An Attention-based Approach for Bayesian Optimization with Dependencies
摘要
评审与讨论
The paper consider the problem of optimizing black-box functions over conditional/heirarchical search spaces. The key idea is to use a deep kernel Gaussian process as the surrogate model on top of a attention module for embedding the inputs into a common latent space. The inputs are augmented with few identifiers before passing to the attention layer. Experiments are performed on a simulation benchmark, NAS benchmark, and hyper-parameter tuning benchmarks from OpenML.
优点
-
The paper considers an important problem with many real-world applications.
-
Investigating attention based neural network modules for handling conditional search spaces is quite interesting and deserves appreciation.
缺点
-
The main contribution of the paper is to include tree structure aware identifiers with each hyperparameter (Appendix B.1.1) and learning embeddings with the attention module. However, these identifiers are a hand-designed feature and only an artifact of the way tree search space is constructed. Since one of the major goals of the paper is AutoML, this seems to be defeating the main purpose by adding manual feature construction. Please clarify and discuss this important point.
-
Some statements in the paper are not entirely incorrect. For example, it is mentioned that "there is no suitable hand-crafted kernel function capable of modeling the similarity between these configurations from" but arc-kernel (reference [1] below) is one such kernel that handles conditional search spaces and is a natural baseline for this problem. Please consider reevaluating them.
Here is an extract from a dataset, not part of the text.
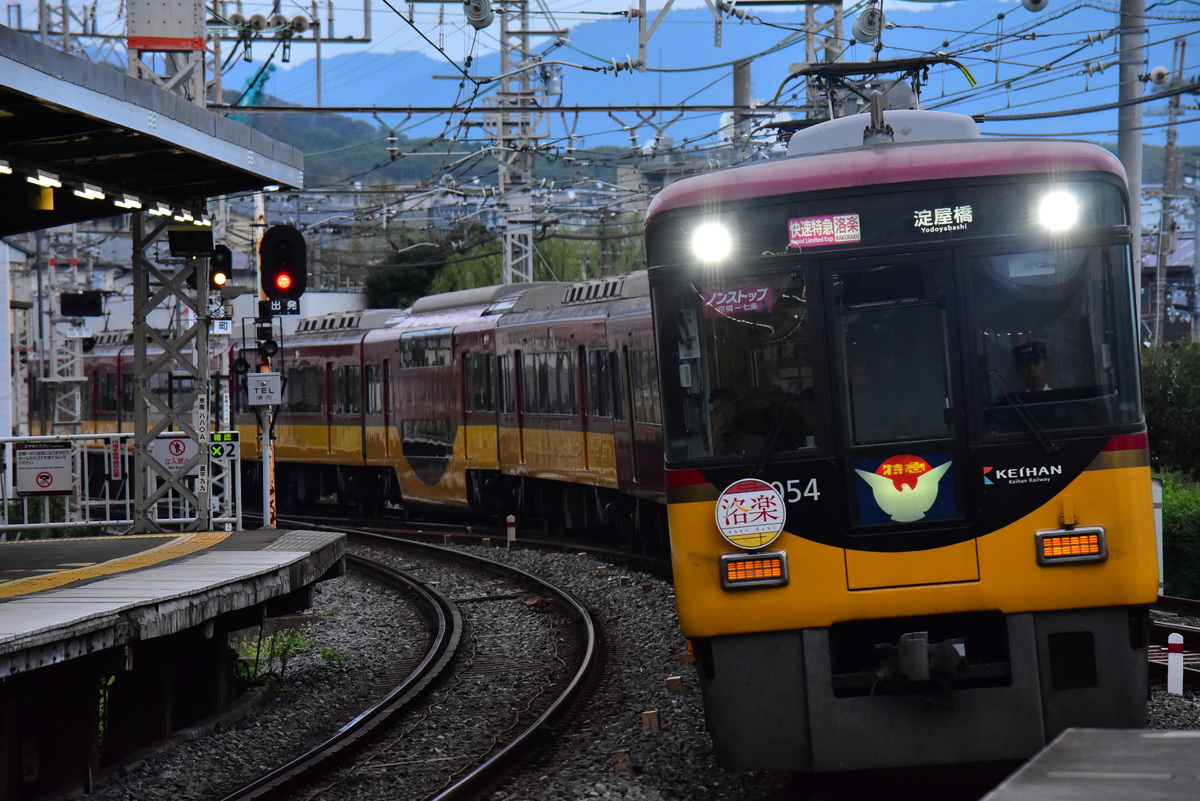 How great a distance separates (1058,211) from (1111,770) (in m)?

- [1] Swersky, K., Duvenaud, D., Snoek, J., Hutter, F., & Osborne, M. A. (2014). Raiders of the lost architecture: Kernels for Bayesian optimization in conditional parameter spaces. arXiv preprint arXiv:1409.4011.
-
I am afraid that Add-tree baseline (which is significantly easier to implement) outperforms the proposed approach in multiple instances in Figure 4 and Figure 15. Please explain this. I also think a simple baseline with imputing missing values for inactive hyperparameters is a simple baseline that is easy to try should be included. If possible, please consider including it.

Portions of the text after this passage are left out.